Nick, we're the only industrialized country on Earth who rewards its corporations for eliminating domestic jobs. And as for China, we've had this discussion before. As long as they're the only ones who dictate the value of their currency, completely ignore worker rights, benefits, environmental issues etc, the rest of the world is playing with a stacked deck. Is a trillion dollar annual trade deficit not adequate proof of this?


----------



## Mike Petrik (Jul 5, 2005)

CuffDaddy said:


> Good points. I suppose we need to return to the fiscal responsibility of the pre-Reagan years, when we had to ask wealthy people to pay quite a bit more in taxes. :icon_smile_wink:


We may have asked, but they didn't oblige. Before Reagan's '86 Act rates were higher but shelters abounded. The '86 Act did not change income tax distribution by real income much at all. And we don't tax the wealthy in this country, and never have; we tax high income earners. Wealth and income are not the same thing.


----------



## WouldaShoulda (Aug 5, 2009)

Mike Petrik said:


> We may have asked, but they didn't oblige. Before Reagan's '86 Act rates were higher but shelters abounded. The '86 Act did not change income tax distribution by real income much at all. And we don't tax the wealthy in this country, and never have; we tax high income earners. Wealth and income are not the same thing.


It won't matter.

Even when decreased taxes are proved to increase revenue we have an administration that would rather do what's "fair" over what will pay the bills!!


----------



## JDC (Dec 2, 2006)

Mike Petrik said:


> We may have asked, but they didn't oblige. Before Reagan's '86 Act rates were higher but shelters abounded. The '86 Act did not change income tax distribution by real income much at all. And we don't tax the wealthy in this country, and never have; we tax high income earners. Wealth and income are not the same thing.


Excellent post IMO.

When a true fiscal conservative is raised by the electorate, he/she is immediately marginalized and discredited by both major parties and by our major media, and can attract no more than 10 or 15% of the vote. So the only remaining alternative for our country is eventual bankruptcy.


----------



## Mike Petrik (Jul 5, 2005)

A couple points. It is true that the unemployment rate is an imperfect datum, but the imperfection is not politically motivated. The rate is simply the result of using a superficially fair definition that counts only those who are actually seeking work. This definition has been in place since at least the 1970s when I was studying economics. Counting those who are not seeking work would pretty obviously lead to an even less useful datum. In particular, as suggested above the rate does not count as employed either so-called "discouraged workers" (i.e., unemployed persons who are not seeking work because they are discouraged) and does not take into account that some of the employed are actually "under-employed" (i.e., employed persons who are working at jobs beneath their skill level). 

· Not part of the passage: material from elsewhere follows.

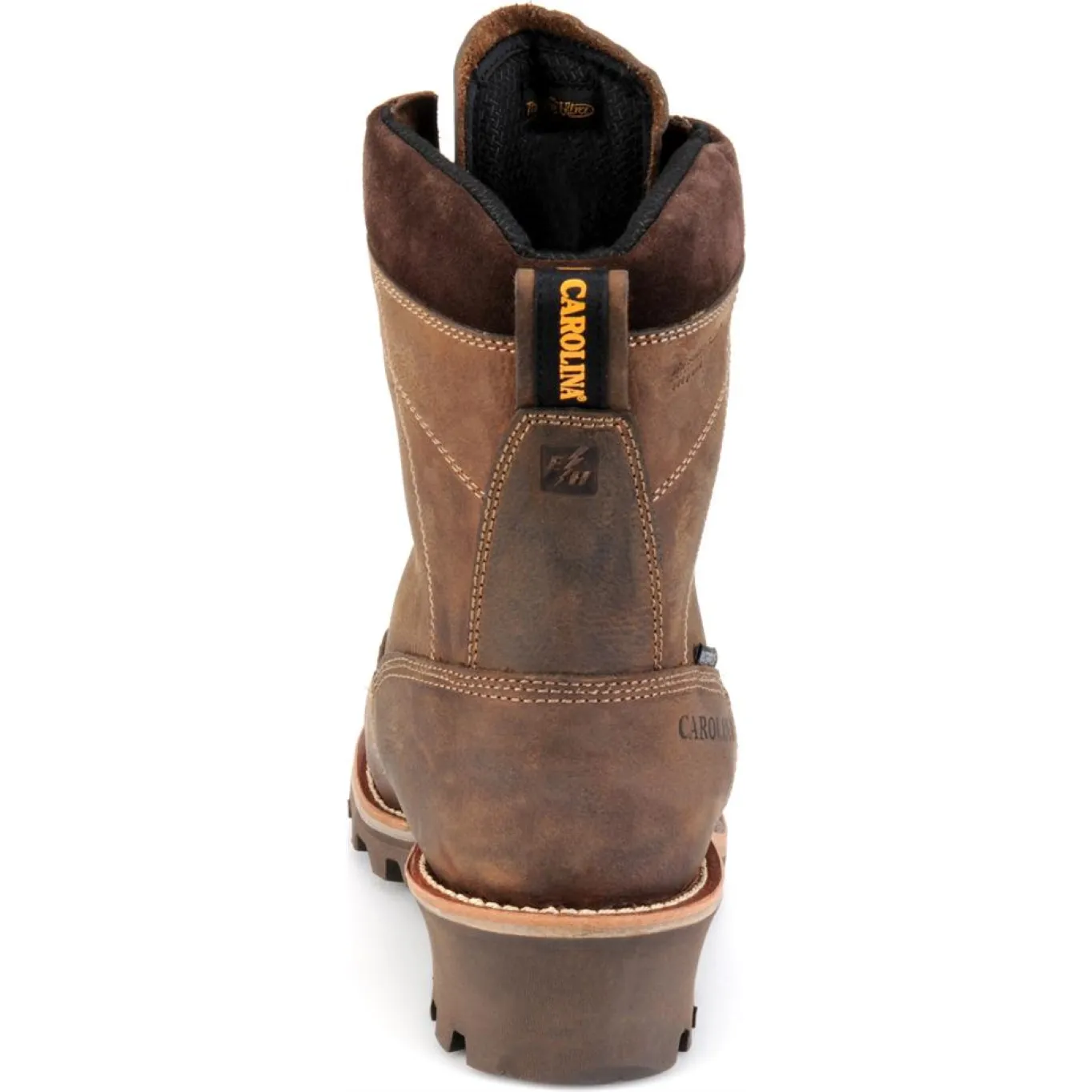 Carolina Birch Logger Boots CA7521 - Men's 8" Comp Toe Waterproof Work Boot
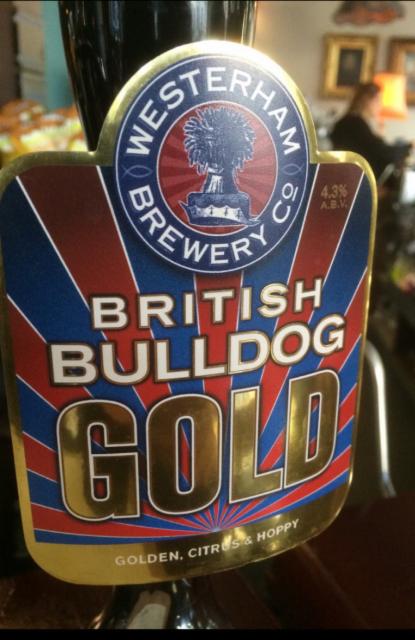 British Bulldog Gold 4.3%, Westerham Brewery Co, England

Contrary to an assertion above, discouraged workers are not counted as employed. They are neither in the numerator nor the denominator of the calculus. The fact that the rate does not take into account such workers is hardly a secret. It is reported all the time by major news outlets including the NYT (the example mentioned), and estimates are routinely circulated -- those rates are indeed very soft estimates. It is hard to capture various subjective matters in statistics. Most discouraged workers could secure jobs, just not jobs they are interested in doing for pay they will accept. But that describes almost all adults who are not employed, including my wife, who has not worked outside the home for 20 years but would readily take a Monday/Wednesday/Friday morning position with a six-figure salary.

Similarly, identifying under-employed workers suffers from similar ambiguities. Subjectively, many (probably most) employed persons believe they are under-employed in that they believe that they are qualified to perform the work required for higher-paid positions. The market says otherwise, however, and it is exceedingly difficult to discern a workable objective standard other than the market.

This is not to say that the discouraged worker and under-employed phenomenon are not real or important; it is just to point out (i) they are widely recognized and reported and (ii) the methodology used to compute the unemployment rate, while imperfect, is almost certainly not a politically motivated one.


----------



## Mike Petrik (Jul 5, 2005)

WouldaShoulda said:


> It won't matter.
> 
> Even when decreased taxes are proved to increase revenue we have an administration that would rather do what's "fair" over what will pay the bills!!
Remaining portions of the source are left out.